[Captioned web images]
= Beginning of Section =
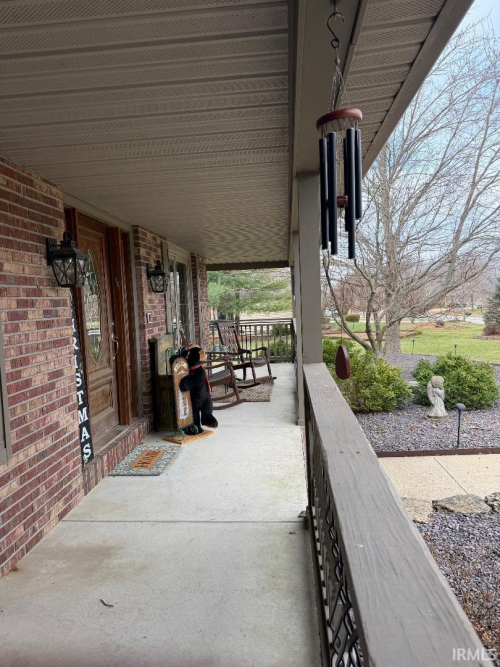 Listing Image 4
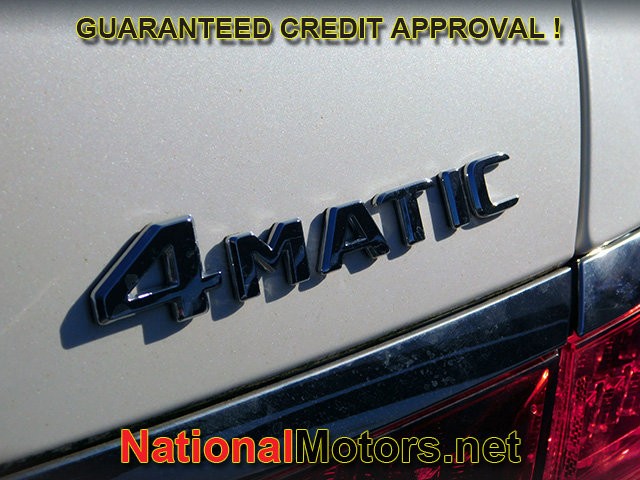 Mercedes-Benz S-Class Vehicle Full-screen Gallery Image 07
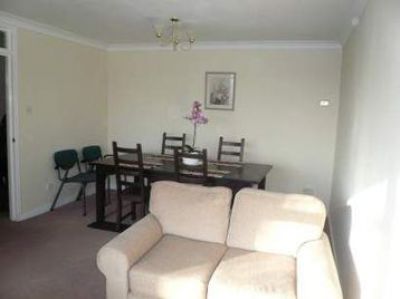 Flat Grange Gardens in Greater London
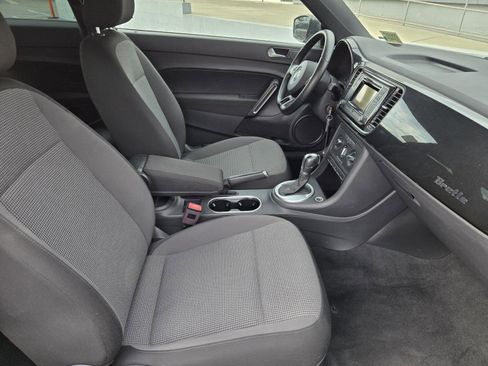 Used 2018 Volkswagen Beetle 2.0T S image 26
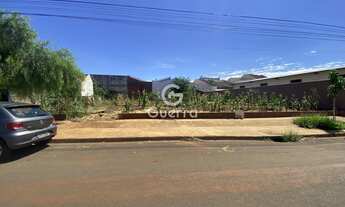 Imagem: Terreno comercial, 600M² de Área Construída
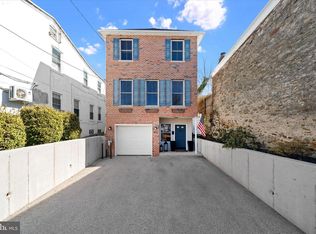 4611 Pechin St, Philadelphia, PA 19128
= End of Section =
[Your task]: Pictures are to be left out; the answer must otherwise be exactly the lines from the one with "Used 2018 Volkswagen Beetle 2.0T S image 26" through the final line of the entries above, both included.

[Answer space]:
 Used 2018 Volkswagen Beetle 2.0T S image 26
 Imagem: Terreno comercial, 600M² de Área Construída
 4611 Pechin St, Philadelphia, PA 19128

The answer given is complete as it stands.